#### Exercise data
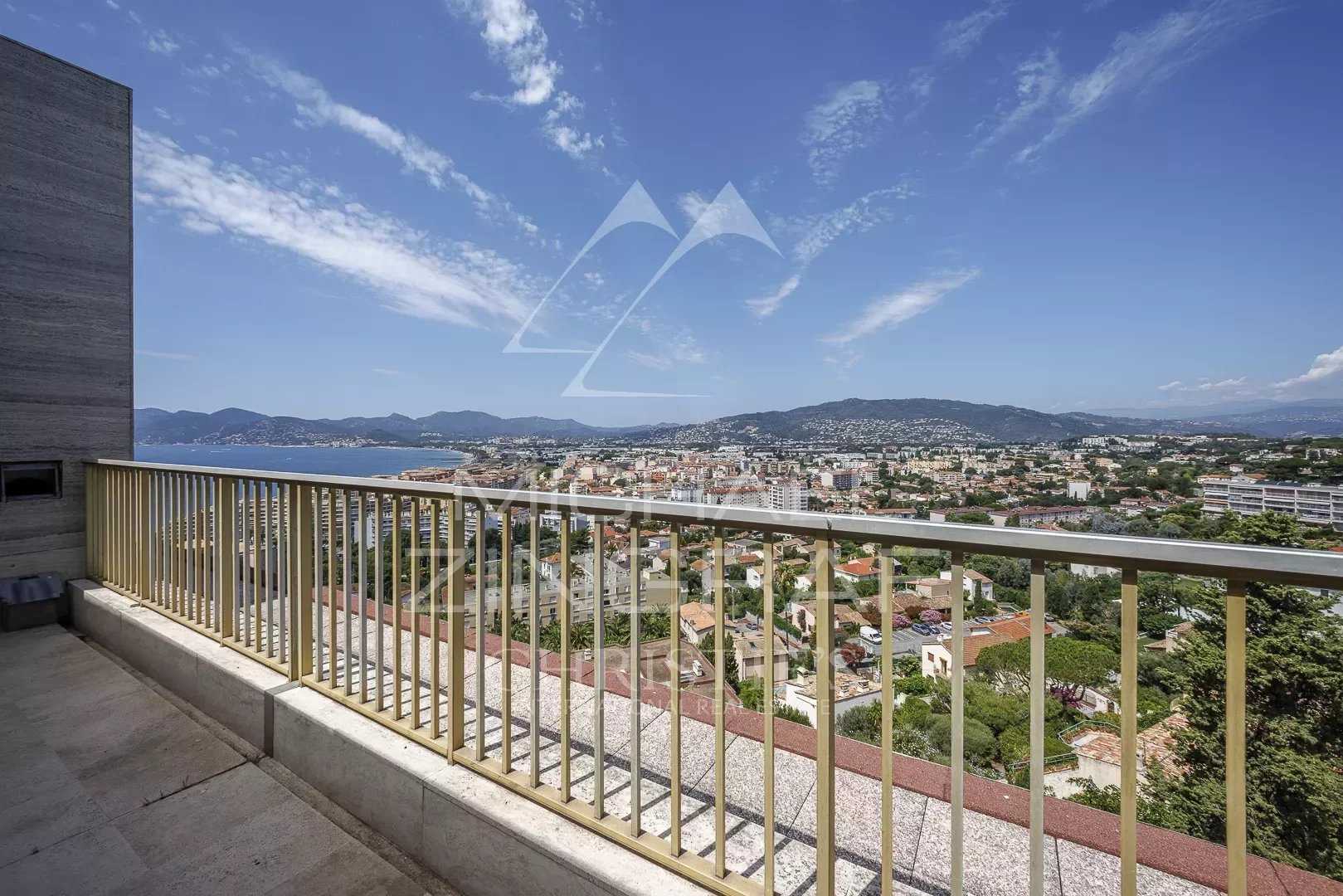 Condominium in Cannes, Alpes-Maritimes 12479764
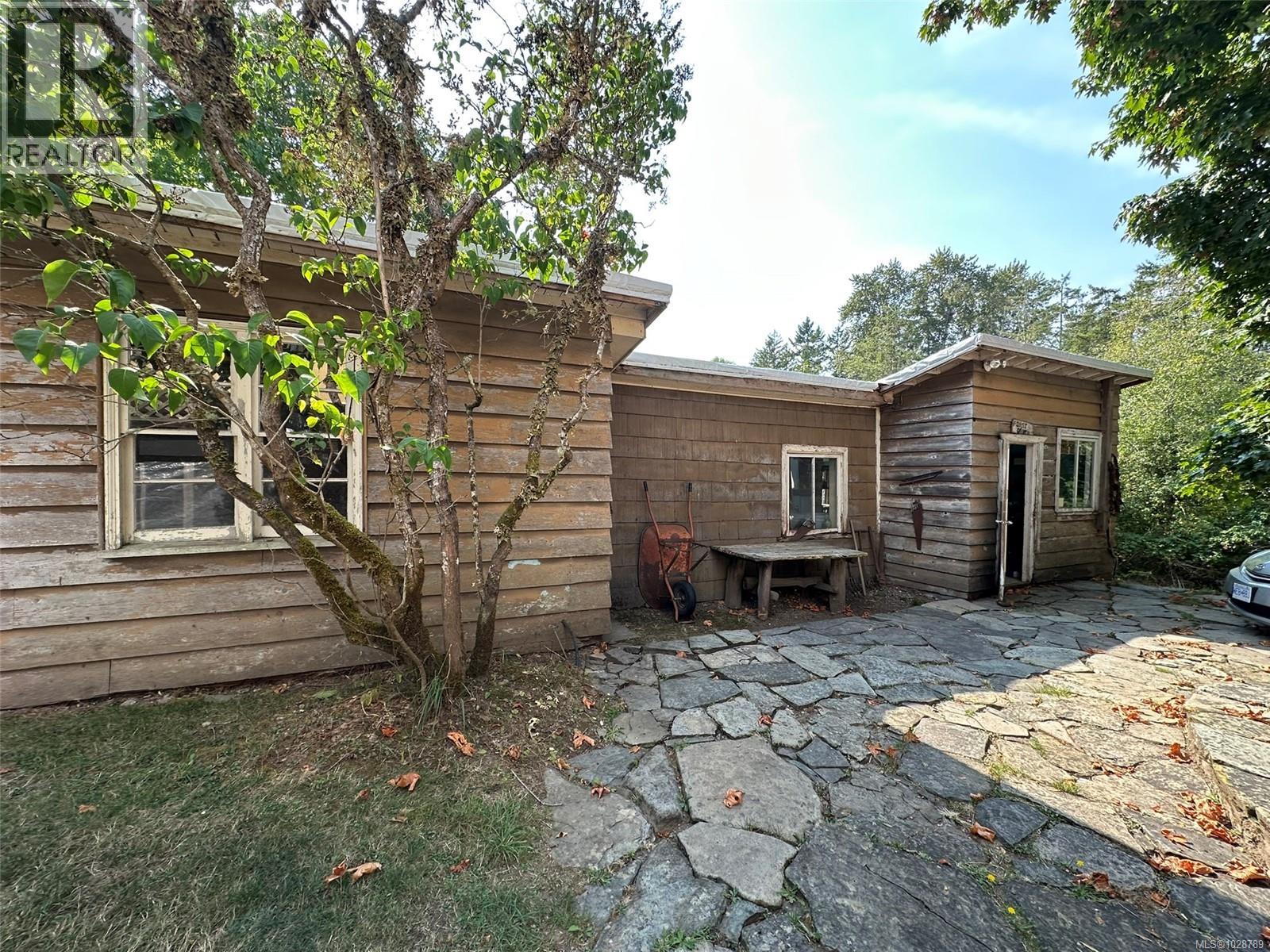 1520 North Beach Rd, Salt Spring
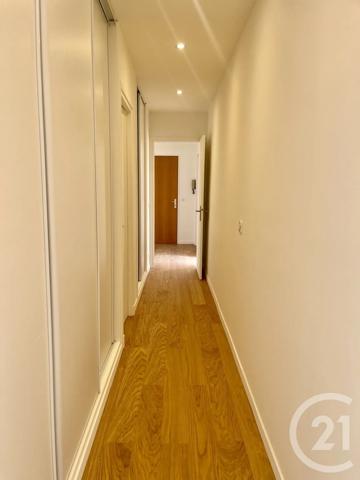Appartement T4 à vendre  3 pièces - 104,80 m 2   ROUEN  - 76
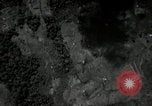Standbild B-24 Liberator Bomber Mindanao Philippinen, 1945, aus Sekunde 41 historischem Filmmaterial Videoclip 65675074516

#### Your task
The expected output is the full data above, reproduced exactly with no images.

#### Problem solution
 Condominium in Cannes, Alpes-Maritimes 12479764
 1520 North Beach Rd, Salt Spring
Appartement T4 à vendre  3 pièces - 104,80 m 2   ROUEN  - 76
Standbild B-24 Liberator Bomber Mindanao Philippinen, 1945, aus Sekunde 41 historischem Filmmaterial Videoclip 65675074516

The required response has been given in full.